BRIEF:
Please give back every entry in full, word for word, but none of the pictures.

*** TASK DATA ***

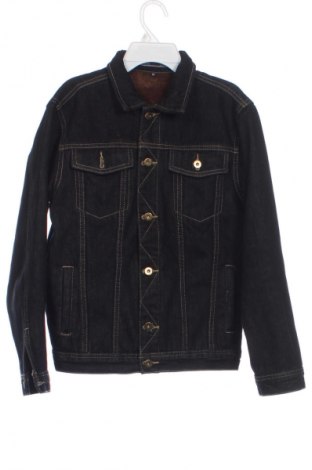 Herrenjacke Fashion Jeans, Größe M, Farbe Schwarz, Preis € 19,95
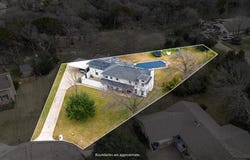 3400 O'Brien Circle, Waco, TX 76708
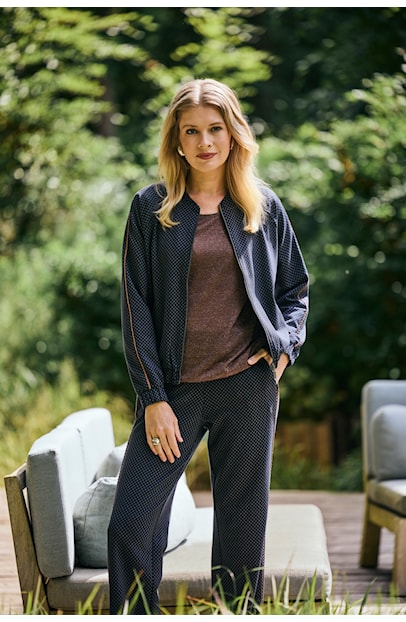 Silvia-Luckman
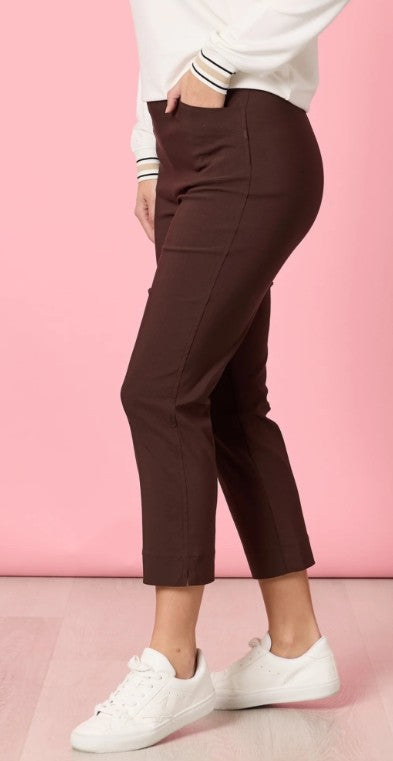 THREADZ - ZARA STRTCH PANT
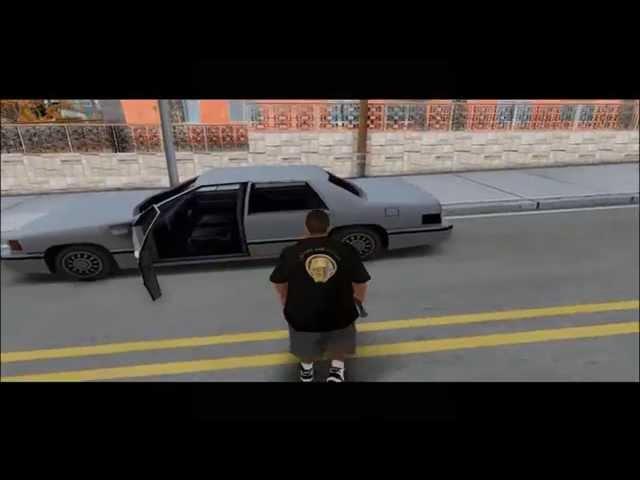 GTA SA | ENB | SAMP | TIMECYC | Version 4 | Mod Pack | By SebastianProduction™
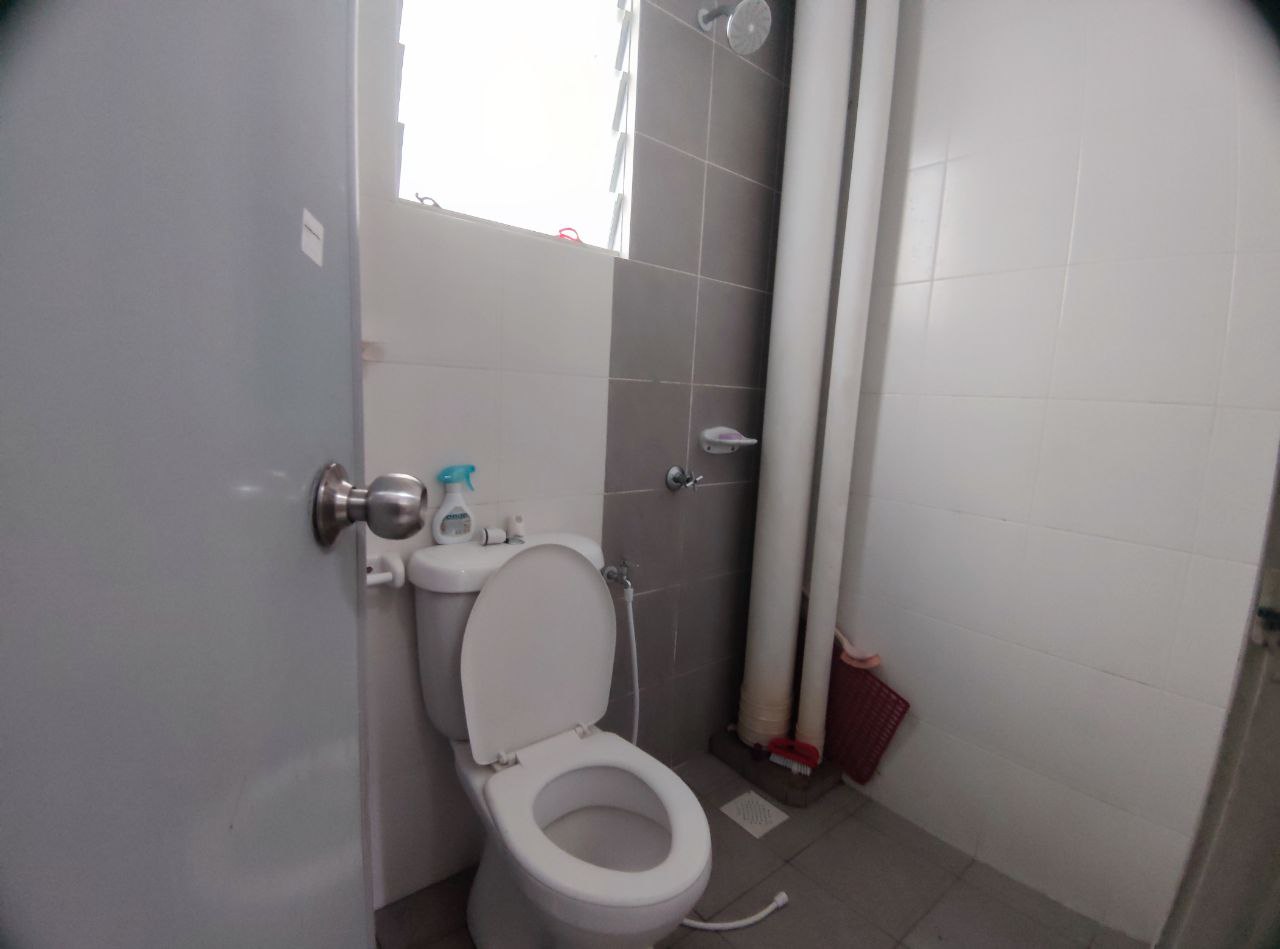 De Kiara Apartment Setia Alam - photo 6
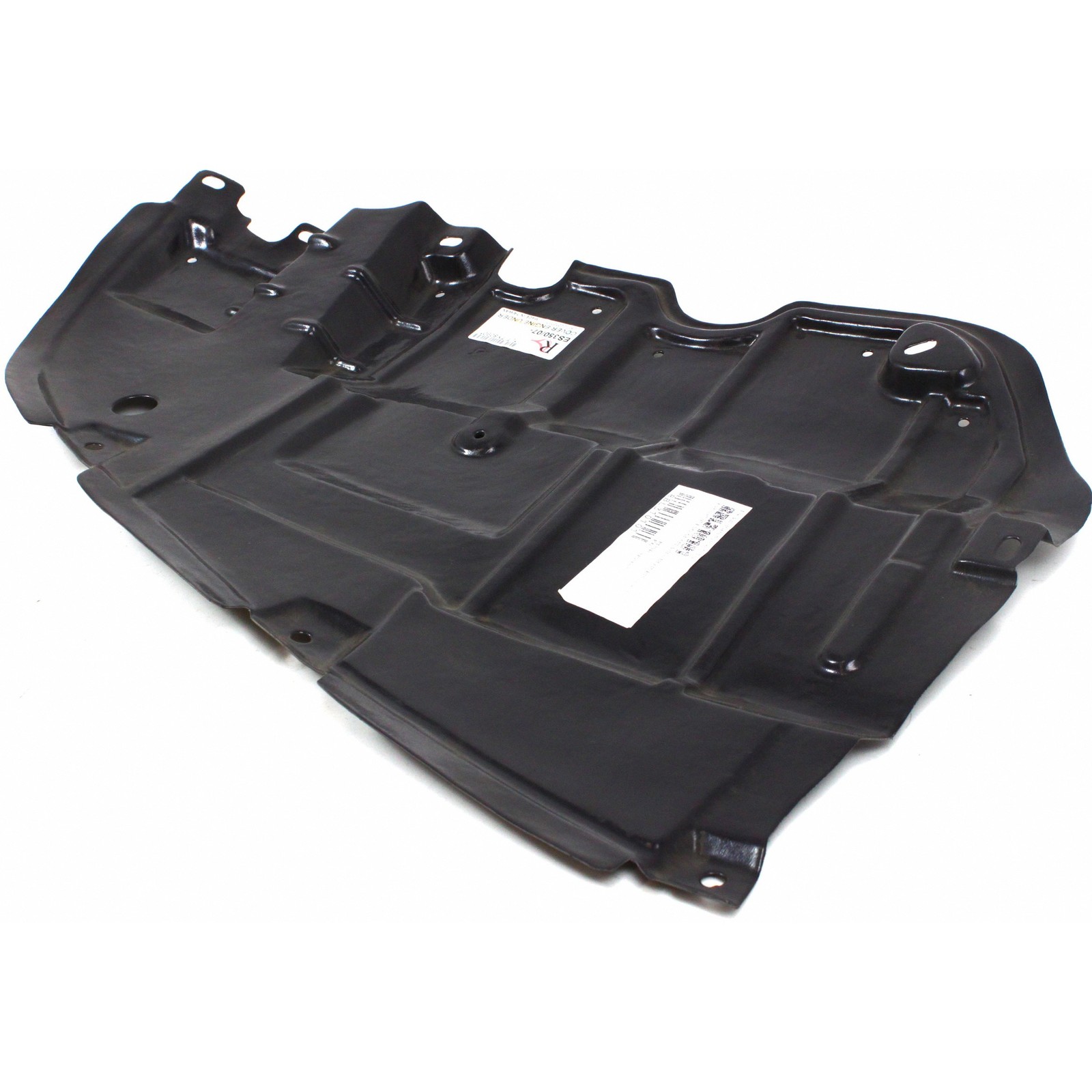 Front Right Passenger Undercar Shield Fits 07-12 Lexus ES350 LX1228105
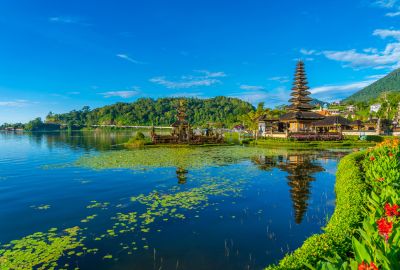 Endonezya Malezya Bali Turu 12 Gün EJ001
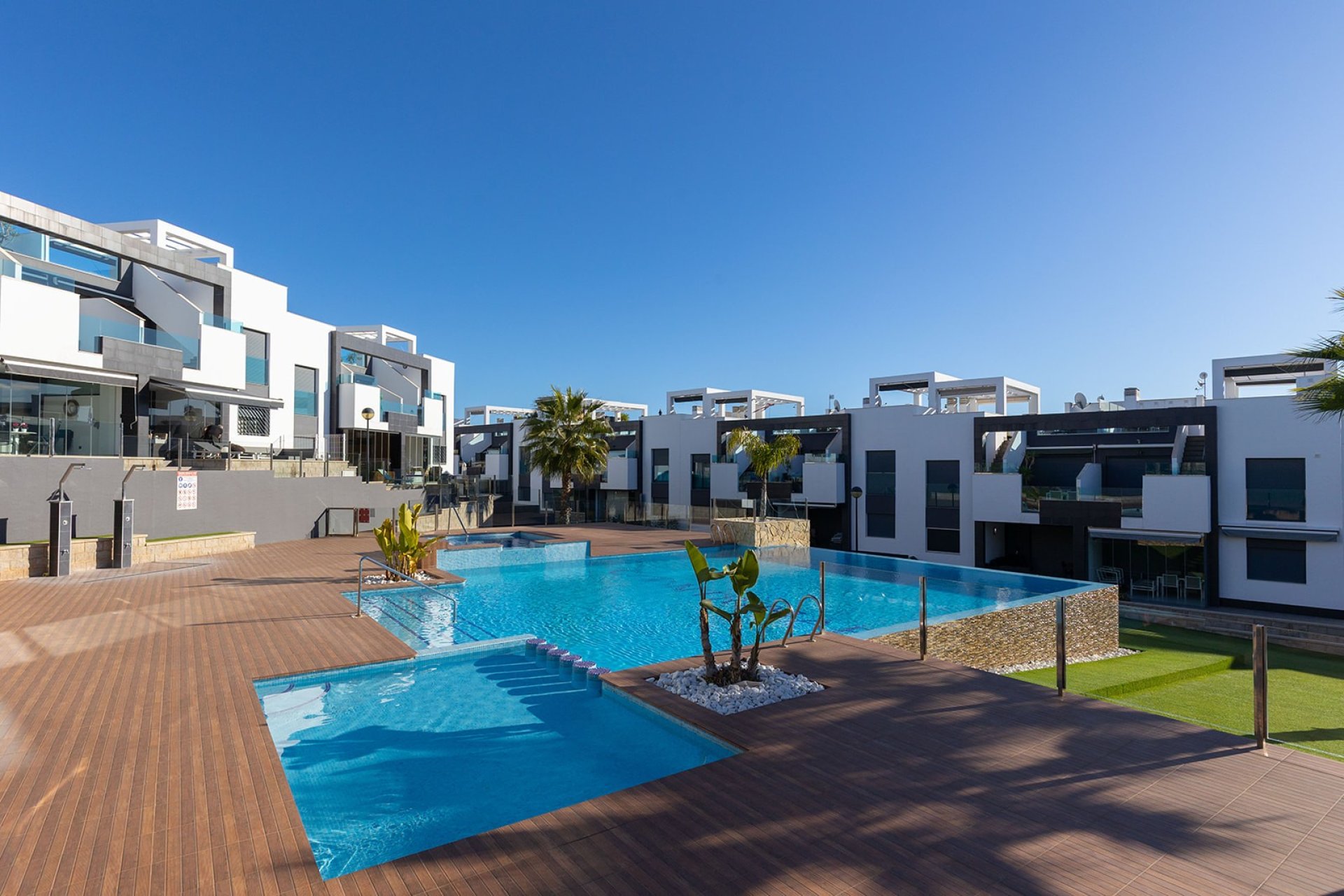 Herverkoop - Appartement - Punta Prima - Costa Blanca South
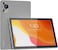OTEETO TAB 18 Android 14 Tablet, 10.1" Display, 8GB RAM 512GB ROM, 4G LTE, Octa-Core, 8000mAh Battery, Dual Camera, with Keyboard &amp; Stylus, Gray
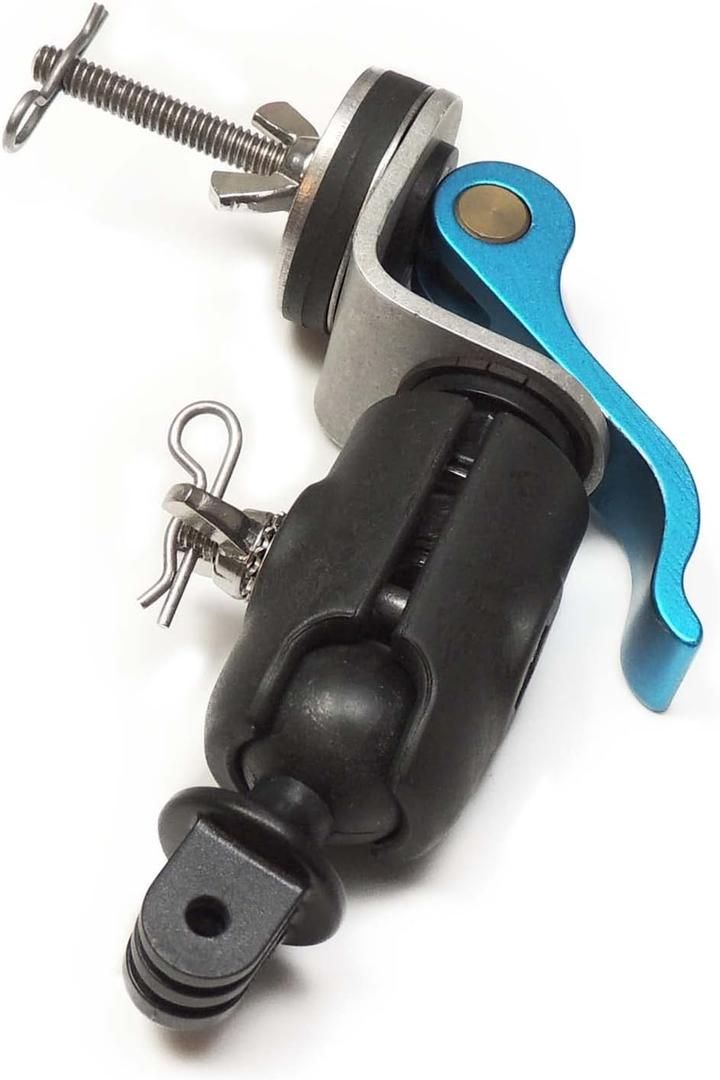 Swivel Mount for GoPro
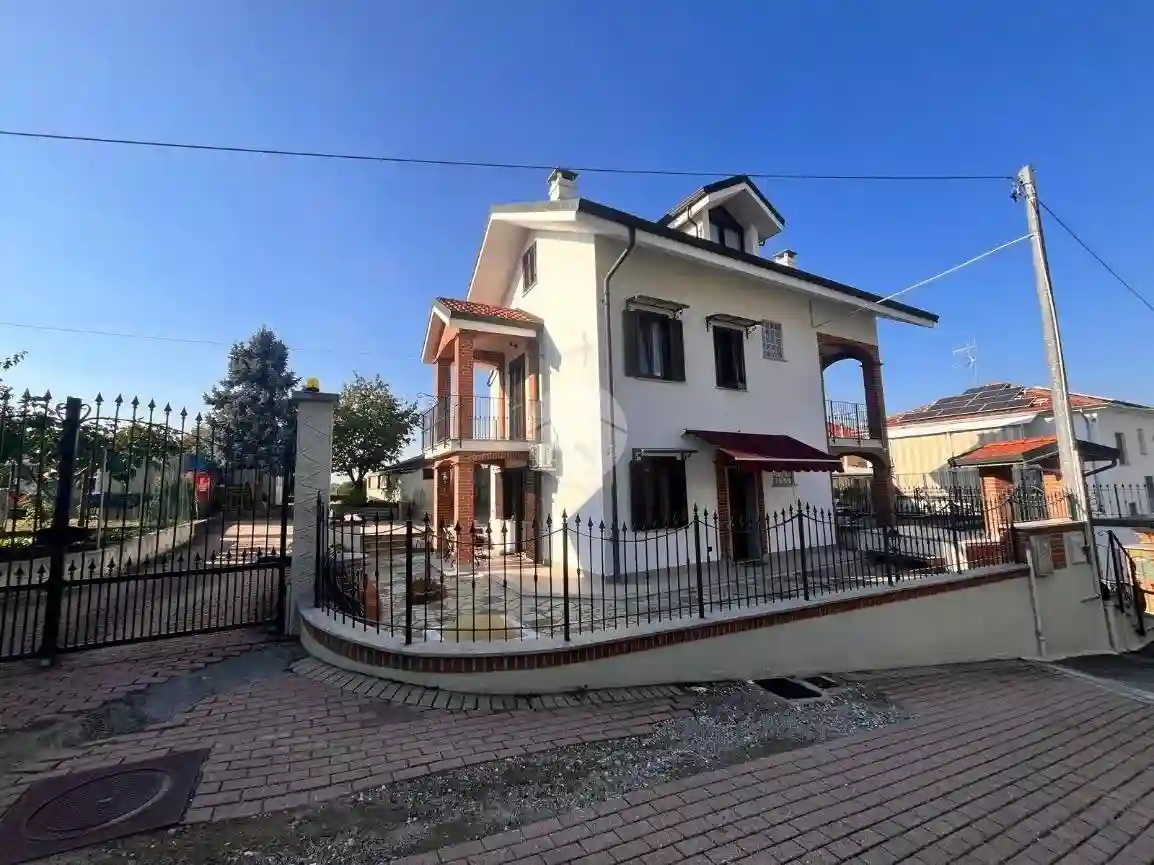 Villa - foto 5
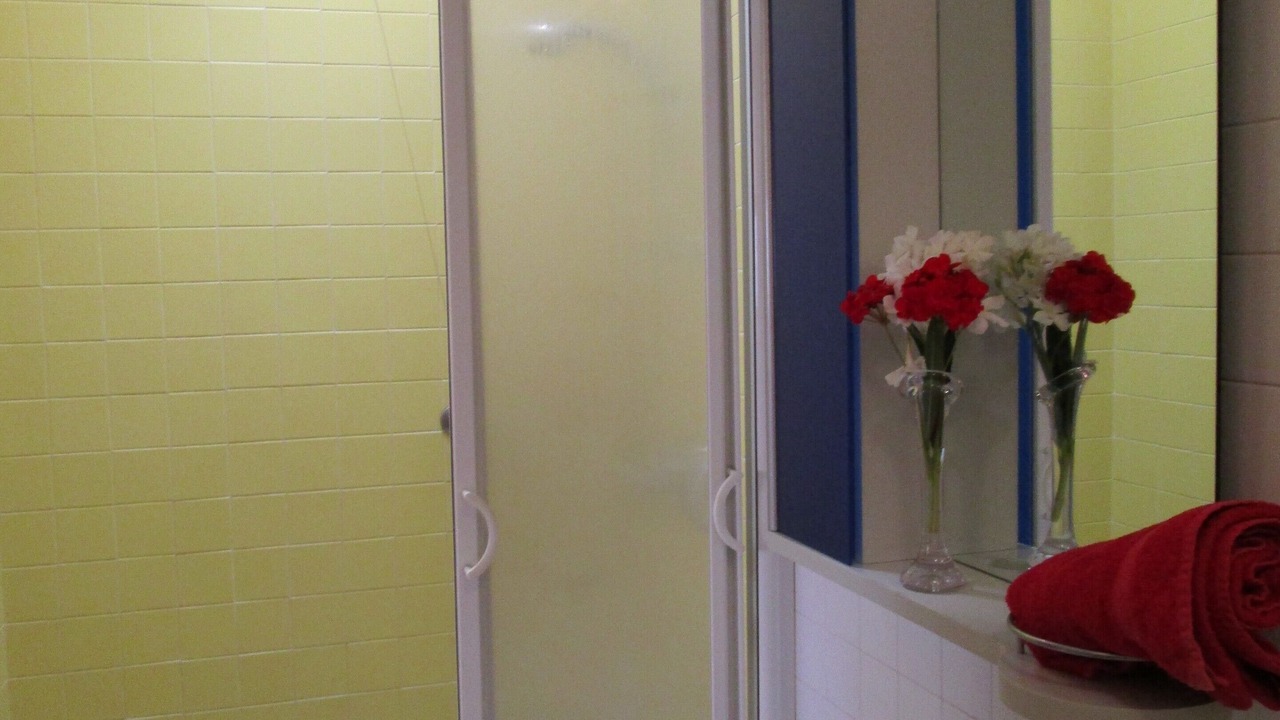 Photo of Bathroom in Central Station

*** End of TASK DATA ***

RESULT FOR THIS TASK:
 Herrenjacke Fashion Jeans, Größe M, Farbe Schwarz, Preis € 19,95
 3400 O'Brien Circle, Waco, TX 76708
 Silvia-Luckman
 THREADZ - ZARA STRTCH PANT
 GTA SA | ENB | SAMP | TIMECYC | Version 4 | Mod Pack | By SebastianProduction™
 De Kiara Apartment Setia Alam - photo 6
 Front Right Passenger Undercar Shield Fits 07-12 Lexus ES350 LX1228105
 Endonezya Malezya Bali Turu 12 Gün EJ001
 Herverkoop - Appartement - Punta Prima - Costa Blanca South
OTEETO TAB 18 Android 14 Tablet, 10.1" Display, 8GB RAM 512GB ROM, 4G LTE, Octa-Core, 8000mAh Battery, Dual Camera, with Keyboard &amp; Stylus, Gray
 Swivel Mount for GoPro
 Villa - foto 5
 Photo of Bathroom in Central Station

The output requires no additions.